Gulag: The acronym Gulag comes from the Rus. Главное управление исправительно‑трудовых лагерей и колоний (Eng. Main Board of Correctional Labor Camps). The network of Russian concentration camps for slave labor was formally established by the decision of the highest Russian authorities on 27.06.1929. Control was taken over by the OGPU, the predecessor of the genocidal NKVD (from 1934) and the MGB (from 1946). Individual gulags (camps) were often established in remote, sparsely populated areas, where industrial or transport facilities important for the Russian state were built. They were modeled on the first „great construction of communism”, the White Sea‑Baltic Canal (1931‑1932), and Naftali Frenkel, of Jewish origin, is considered the creator of the system of using forced slave labor within the Gulag. He went down in history as the author of the principle „We have to squeeze everything out of the prisoner in the first three months — then nothing is there for us”. He was to be the creator, according to Alexander Solzhenitsyn, of the so‑called „Boiler system”, i.e. the dependence of food rations on working out a certain percentage of the norm. The term ZEK — prisoner — i.e. Rus. заключенный‑каналоармец (Eng. canal soldier) — was coined in the ITL BelBaltLag managed by him, and was adopted to mean a prisoner in Russian slave labor camps. Up to 12 mln prisoners were held in Gulag camps at one time, i.e. c. 5% of Russia's population. In his book „The Gulag Archipelago”, Solzhenitsyn estimated that c. 60 mln people were killed in the Gulag until 1956. Formally dissolved on 20.01.1960. (more on: en.wikipedia.orgClick to attempt to display webpage
[access: 2024.04.08]
)

Deportation of Germans to Russia in 1945: On 06.02.1945 Russian State Defence Committee issued an order to intern all Germans, mainly men, able to work from the German territories captured by Russian army and transport them into Russia — to slave labour camps in Donbas region in Ukraine, to industrial centers in Ural mountains, to Russian occupied Belarus, etc. — in order to rebuild destroyed by the war Russia.
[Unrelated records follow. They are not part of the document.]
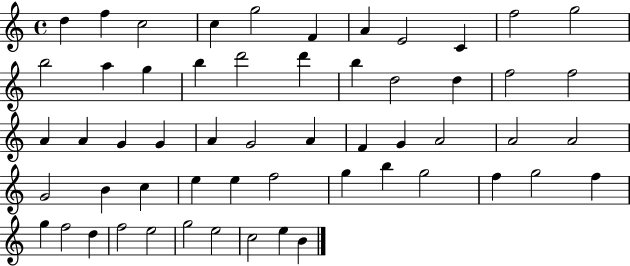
X:1
T:Untitled
M:4/4
L:1/4
K:C
d f c2 c g2 F A E2 C f2 g2 b2 a g b d'2 d' b d2 d f2 f2 A A G G A G2 A F G A2 A2 A2 G2 B c e e f2 g b g2 f g2 f g f2 d f2 e2 g2 e2 c2 e B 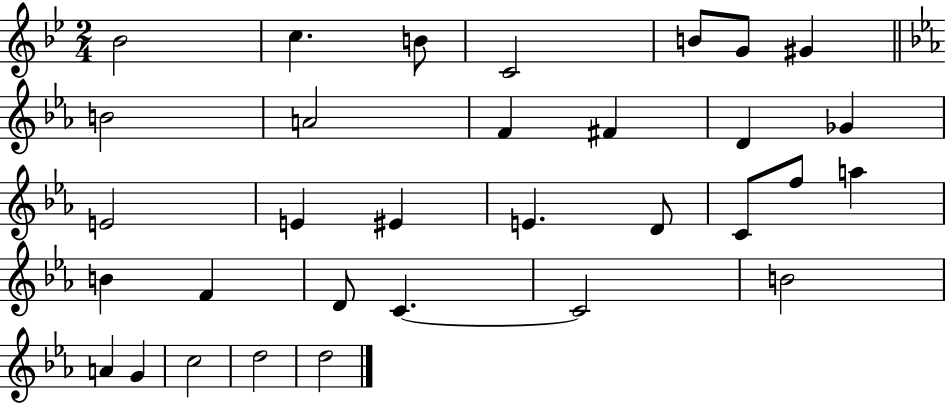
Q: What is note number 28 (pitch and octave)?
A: A4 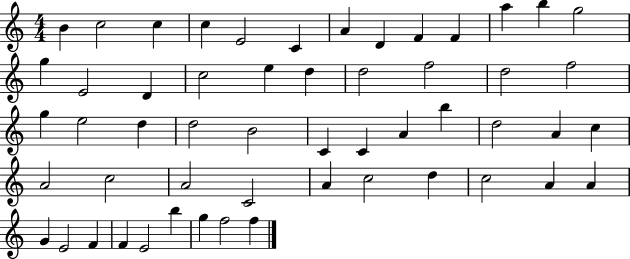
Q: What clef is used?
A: treble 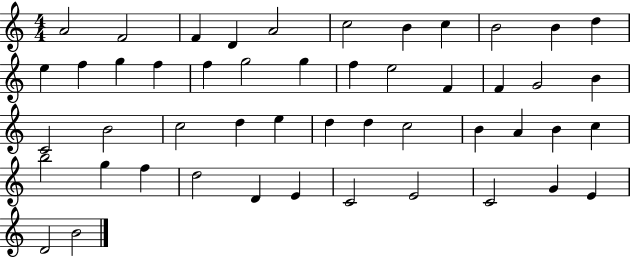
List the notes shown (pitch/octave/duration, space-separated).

A4/h F4/h F4/q D4/q A4/h C5/h B4/q C5/q B4/h B4/q D5/q E5/q F5/q G5/q F5/q F5/q G5/h G5/q F5/q E5/h F4/q F4/q G4/h B4/q C4/h B4/h C5/h D5/q E5/q D5/q D5/q C5/h B4/q A4/q B4/q C5/q B5/h G5/q F5/q D5/h D4/q E4/q C4/h E4/h C4/h G4/q E4/q D4/h B4/h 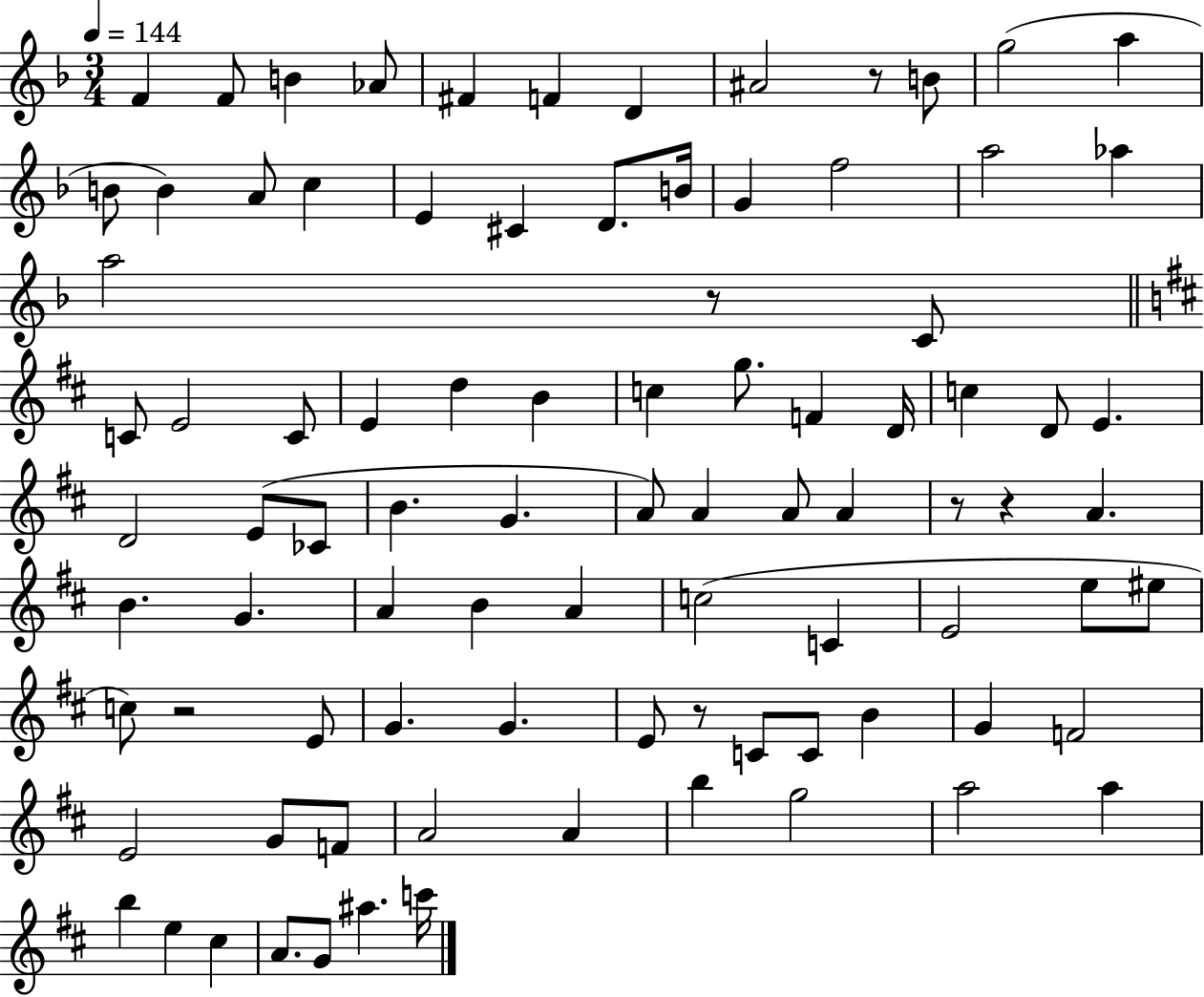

It was planned to use c. 500,000 Germans, 17‑50 years old, although in practice much older were also arrested. From Upper Silesia only c. 90,000 Germans and Poles were deported 20% of which returned after many years. Among the victims were members of Polish clandestine Home Army AK (part of Polish Clandestine State) fighting with Germans. Tens of thousands were deported from Warmia and Mazurian regions. (more on: en.wikipedia.orgClick to attempt to display webpage
[access: 2018.11.18]
)

Ciechanów: Detention centre run by Germans. After German expulsion by the Russians in 1945 also a Russian transit camp for German prisoners, among others, prior to exile to concentration camps in Russia. (more on: pl.wikipedia.orgClick to attempt to display webpage
[access: 2013.12.04]
)

Mass rapes in 1945: During capture in 1944‑1945 of pre‑war German territories and territories incorporated into Germany in 1939 after German invasion of Poland Russian soldiers committed mass, often multiple, rapes on mainly German, but also Polish, women. Up to 2 mln women might have been violated, from 8 to 80 or more years old. Many were murdered as a consequence. Rapes were prob. tolerated if not encouraged by Russian military and civilian NKVD commanders. (more on: en.wikipedia.orgClick to attempt to display webpage
[access: 2015.03.01]
)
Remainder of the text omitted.